Tommy Arthur has had his execution postponed seven times since 2001, so many delays that victims’ rights advocates derisively call him the “Houdini” of death row. He says he is innocent and is fighting for an eighth reprieve, but he is losing optimism: “They are going to kill me this time.”
Arthur, now 75, is scheduled to be put to death at 6 p.m. CDT Thursday for the 1982 murder-for-hire slaying of Troy Wicker.
Wicker’s wife, Judy, initially told police she came home and was raped by a black man who shot and killed her husband. After her conviction, she changed her story and testified that she had discussed killing her husband with Arthur, who wore a wig and painted his face in an attempt to look like a black man.
But he is unequivocal: “I did not commit that crime,” he said during a recent telephone interview from prison.

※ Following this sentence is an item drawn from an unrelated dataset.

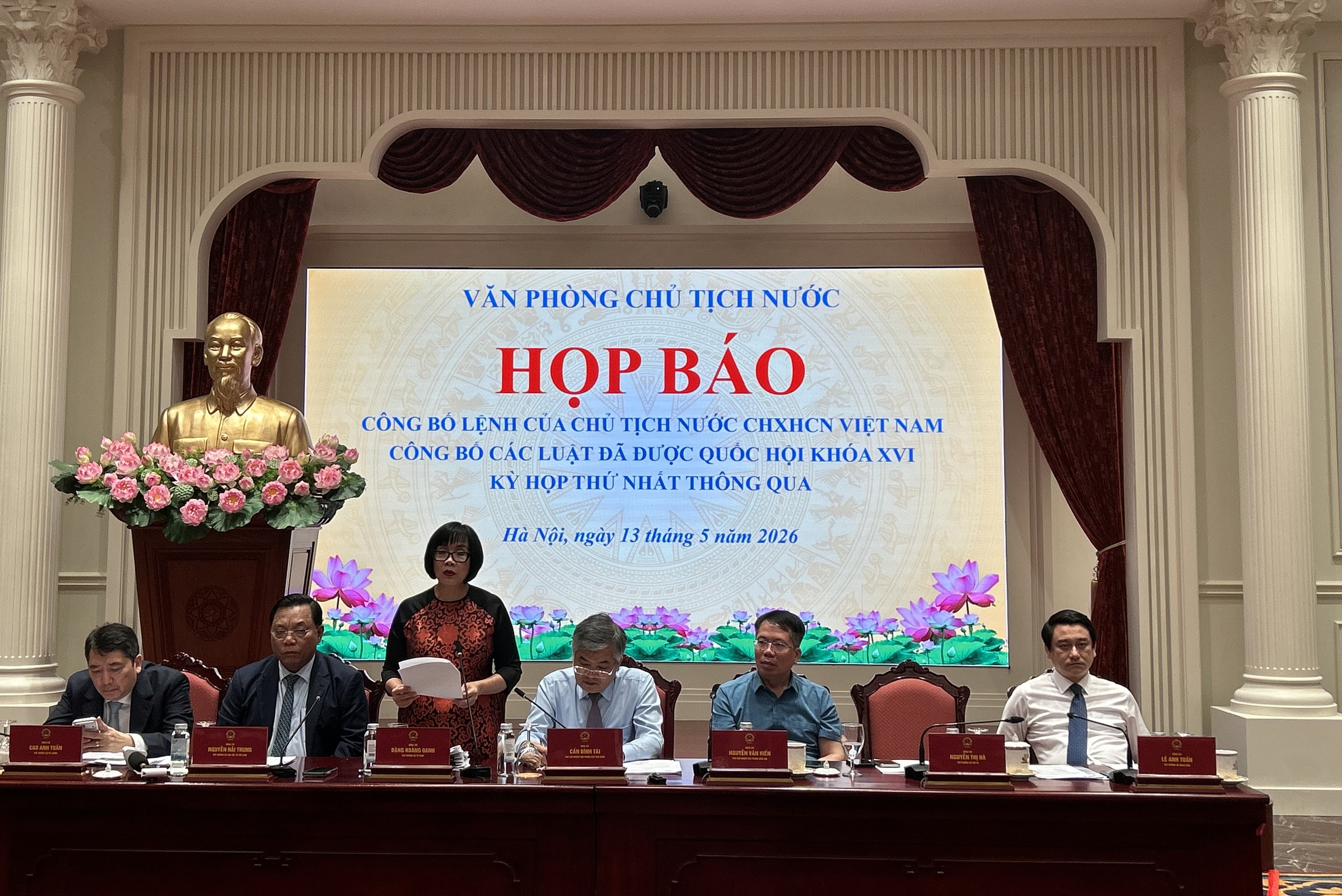 Người dân được làm thủ tục khai sinh, kết hôn không phụ thuộc nơi cư trú, địa giới hành chính - Ảnh 1.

“I won’t give up ’til I draw my last breath. I won’t give up,” he said.
When police found Troy Wicker shot through the eye in his bed on Feb. 1, 1982, Arthur was already in a prison work-release program for the 1977 slaying of his sister-in-law. He admits to that crime, but says he only meant to scare her by firing a shot over her head.
Police first looked into Arthur when a tip came in saying a work-release inmate had a stack of $100 bills. Arthur said he won the money in a poker game. But investigators said they also found phone calls between Judy Wicker and Arthur.
He was convicted in 1983, but that conviction was overturned. While awaiting retrial, he escaped from jail in 1986 by shooting a jailer in the neck with a pistol and forcing another jailer to open his cell door. He remained a fugitive for more than a month. A second conviction followed and also was overturned, but a third conviction stuck.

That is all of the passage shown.